レストラン千草屋 白河

白河を訪ねるのは、9月下旬以来。その時は、せんくら、シンガポール、リサイタルと特別な演奏会を控えて気持ちに余裕がありませんでしたが、今回はスッキリ。月曜日から金曜日まで、市内の小学校を巡回して演奏会です。

リサイタルにも来てくれた方が、いい演奏を聞かせてもらったからと招いてくれた店が、白河市街中心部からタクシーで15分ほどのところにある一軒家レストラン「千草屋」。なんの予備知識もなく店に入ったのですが・・・

この日は日曜日の夜なのに、他にお客の姿はなく、テーブルもセッティングが施されているのは1卓だけ。どうやら、貸切状態のようです。

店先ではオーナーシェフと給仕を務める女性がにこやかに迎えてくれました。自宅に招かれたような、やさしい雰囲気が感じられます。

他にお客がいないと、かえって緊張してしまうなと思ったのも束の間、すぐにくつろいだ空気になりました。それも、自然体なサービスによるものです。

料理は招いてくれた人があらかじめ注文を済ませてあり、必要なカトラリーがセットされていました。それを見ると、今日の献立はフルコースのようです。

冷たい前菜は、人参のムースとコンソメゼリー。素材そのものの色をした料理を見て、この店の思いはすぐに伝わってきました。ありのままの美味しさを、手間を惜しまず丁寧に引き出すのが得意に違いありません。

一口味わってみて、なるほどと思いました。素材の甘さのみで、余計な味付けは一切なし。コンソメも薄口ながらもいい味。これは期待できそうです。

温かい前菜はエスカルゴ。一般的にはガーリックの効いた濃い味付けですが、こちらでは玉ねぎのほんのりとした甘さが際立っていました。こんなにやさしいエスカルゴは初めてです。

スープはデミタスカップで提供されるコンソメ。

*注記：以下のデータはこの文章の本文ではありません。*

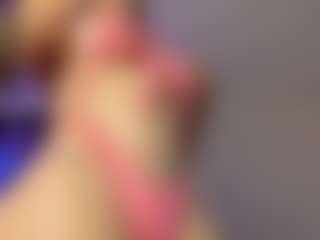 Adri Rogers's Live Sex Cam Show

先ほどのムースで使っていたのと同じですが、温めると塩のみで整えた味の繊細さがよくわかります。

魚料理は真鯛ポワレ。南仏のテイストを盛り込みつつ、こちらも素材の味を活かしています。

メインディッシュは特選黒毛和牛の柔らか煮。肉よりも艶やかで濃厚なデミグラスソースに惹かれました。この味わいは一朝一夕に得られるものではありません。添えられた野菜にも存在感があります。

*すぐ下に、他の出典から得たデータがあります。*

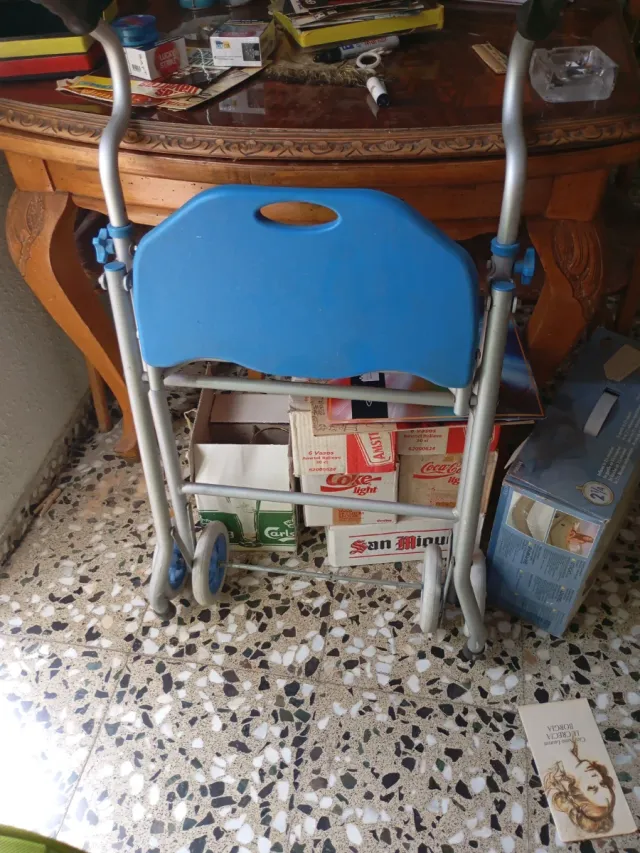 Tacatá andador adulto con asiento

口直し代わりに出てきたのが、スプーンに載った野菜のコンフィチュール。「9種類の野菜を使っていますが、何かわかりますか?」との問いに、ゲーム感覚でしみじみと味わってみました。

人参、セロリ、トマト、ズッキーニ、赤ピーマンまではすぐにわかりましたが、大根かな?蕪かな?根菜っぽいのは蓮根かな?オリーブの味もするけど、そもそも野菜じゃないだろうし・・・

正解は人参、セロリ、トマト、ズッキーニ、赤ピーマン、大根、蓮根、そしてごぼうとタケノコだそうです。ごぼうは惜しかったけど、タケノコは絶対わかりませんでした。

アヴァンデセールは酒粕のソルベ。「酒精の雫・凛 ヴィンテージ2009」という立派な名称もあるそうです。酔っ払いそうと思ったら、ノンアルコールだとか。でも、酔いそう。

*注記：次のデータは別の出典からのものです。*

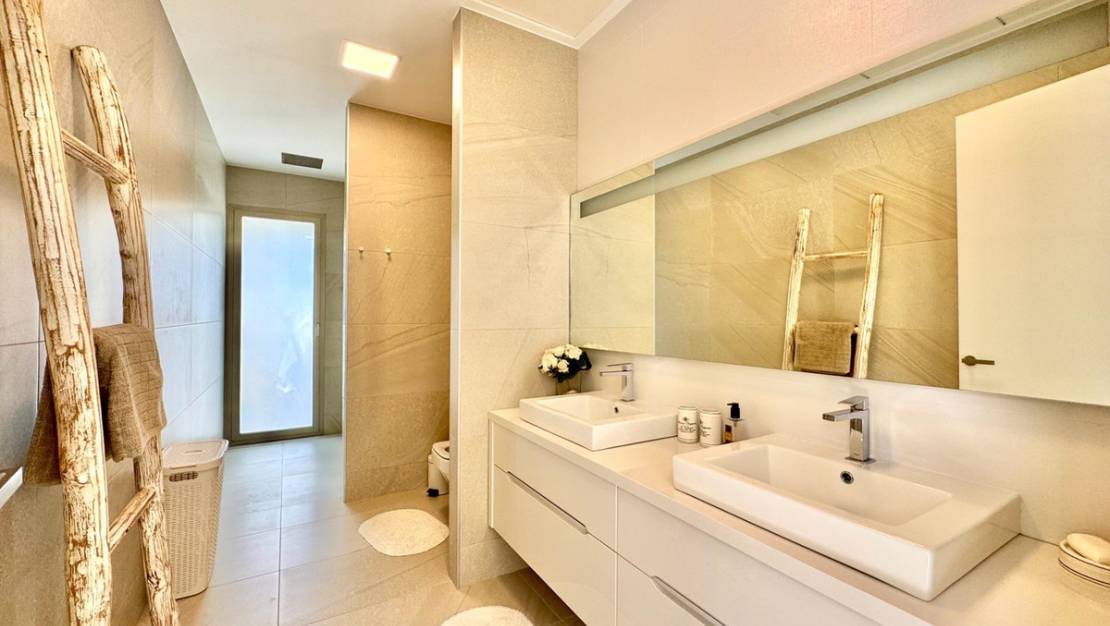 Venta - Chalet - Orihuela - Las Colinas Golf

最後のデセールはヌーシャテルチーズを使ったチーズケーキ。こちらも「Mon Coeur こころ」という名前が付いています。濃厚でチーズの風味豊かなケーキは、ワインにも合いそう。添えられた黒胡椒との相性もぴったりでした。

これにパンとコーヒーが付きます。野菜コンフィチュール、酒粕ソルベ、ヌーシャテルチーズケーキは通販でも購入可能ですし、都内百貨店のイベントで販売することもあるとか。でも、こうして店で味わうのが一番でしょう。

それにしても、どうしてこんなにお客が少ないのか。やはり地震と事故の影響が大きいそうです。すでに30年近い歴史を誇る店だというのに、なんとも寂しいではありませんか。

本当に美味しいものを食べてもらいたいという思いが伝わる料理に出会ったのは久しぶり。美味しさだけでなく、幸せな気分を感じさせてもらい、足繁く通える場所ではないにしても、折に触れ訪ねたい店です。

帰り際も、オーナーシェフが店先に立ち、ずっと見送ってくれました。初めての客にここまでしてくれる真心は本物だと思います。